While I'm letting those repairs set, I'm going to start working on "Honua." I know I have the uke bug bad...it's gotten to the point where I'm naming my ukes ;)

joeybug
01-28-2011, 01:56 AM
That is sooo cool!!! I know I have been blessed with an Uke I could never afford so know what you mean by the "who could believe it" moment, get those twins better and play them, I bet they'll sound sweeet!

Mim
01-28-2011, 03:02 AM
I am soooo excited for you! What a gift and a blessing! And they are apparently in the perfect hands to bring them back to life. I can not wait to see the finished product.

beergeek
01-31-2011, 11:27 PM
So as I mentioned, I had to take the top back off and while I was at it, decided to more thoroughly repair a few cracks and re-brace the top.

These pics show cracks at the bottom left, the waviness of the cracks near the tail block and a crack near the sound hole.

beergeek
01-31-2011, 11:41 PM
So, I made a slurry of hide glue and mahogany scrapings which I applied, tapped/rubbed in, scraped off the excess with a credit card and wiped down with hot water. Then I clamped the repairs between 2 metal scrapers.

beergeek
01-31-2011, 11:48 PM
After that, I cleaned up the mahogany braces and clamped them. They were not placed extremely well so I cleaned up the slots in the lining and corrected the placement as much as I could without actually altering the slots in the lining.

Next step is refitting the top.

beergeek
01-31-2011, 11:52 PM
On a side note....I feel even stronger now about pore filling the wood. It believe it will strengthen the top while keeping it flexible and help protect the top from further cracks. Of course, I have no idea what I'm doing really but it seems to make sense. ;)

beergeek
02-02-2011, 11:44 PM
So, I received this response back from Kamaka...I hadn't asked for a valuation, just historical information.


Dear Mr. Powell,

How nice you were gifted with 2 Kamaka Pineapple Keiki Ukuleles!
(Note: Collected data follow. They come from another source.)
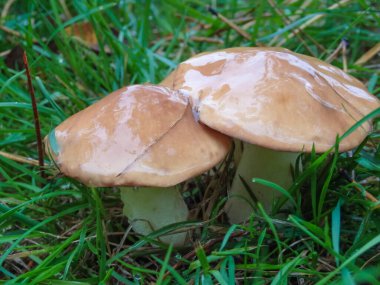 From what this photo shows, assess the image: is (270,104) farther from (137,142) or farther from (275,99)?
(137,142)

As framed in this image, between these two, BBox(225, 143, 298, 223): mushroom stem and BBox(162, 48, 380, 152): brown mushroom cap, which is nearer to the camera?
BBox(162, 48, 380, 152): brown mushroom cap

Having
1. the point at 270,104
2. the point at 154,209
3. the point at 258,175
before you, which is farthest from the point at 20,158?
the point at 270,104

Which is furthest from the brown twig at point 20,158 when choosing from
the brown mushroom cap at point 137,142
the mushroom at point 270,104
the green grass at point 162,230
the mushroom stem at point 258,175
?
the mushroom stem at point 258,175

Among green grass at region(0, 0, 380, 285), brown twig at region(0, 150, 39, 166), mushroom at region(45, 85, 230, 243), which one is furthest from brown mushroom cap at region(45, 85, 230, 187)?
brown twig at region(0, 150, 39, 166)

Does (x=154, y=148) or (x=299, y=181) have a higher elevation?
(x=154, y=148)

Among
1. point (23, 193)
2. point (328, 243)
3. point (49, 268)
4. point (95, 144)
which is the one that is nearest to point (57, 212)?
point (23, 193)

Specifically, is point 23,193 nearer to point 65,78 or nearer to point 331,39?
point 65,78

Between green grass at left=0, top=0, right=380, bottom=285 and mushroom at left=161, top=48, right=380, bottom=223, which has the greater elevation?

When I made my inquiries to see if I could gather more information for you...I did get some interesting facts.

The “Keiki” ukuleles were all manufactured in Japan. This was due to the great demand for our Kamaka ukuleles and many things "Hawaiian" after the Olympics that were held in Japan. Since we couldn't meet the demand locally, there was an agreement to have a qualified manufacture produce them in Japan.

The "Keiki" sides were constructed with one full mahogany wood piece. This is one of the items that sets these ukuleles apart from our Hawaii made ukuleles. The fingerboard and bridge are made from rosewood. Our Kamaka ukulele sides are constructed by two separate pieces of wood, mainly out of Koa, our wood of choice. A limited amount of "Keiki" ukuleles were made out of Koa, but they used mainly Philippine mahogany. The strings on your ukuleles are nylon and were also made in Japan.

I am sorry we are not able to tell you the price that was paid for them during that era nor can we say what they are worth now. Either way, Kamaka ukuleles in good condition continually to increase in value. To buy a brand new Pineapple Soprano ukulele made with a Koa body, mahogany neck, rosewood fingerboard and bridge costs $695.

I hope this information helps and you enjoy your ukuleles. However I did notice that one of the bridges on your ukuleles popped off. Over time and under certain conditions, the glue/wood can become dried out and the parts of the ukulele can start separating. If you desire to have your ukuleles repaired/restored, we are the only qualified repair professionals to do the job right and to meet our high standards.

Please let us know if we can further assist you.

Thank you for your interest in Kamaka ukuleles.

I'm being very careful with my repair work but wouldn't hesitate to send them to Kamaka should I be unable to complete the repairs myself.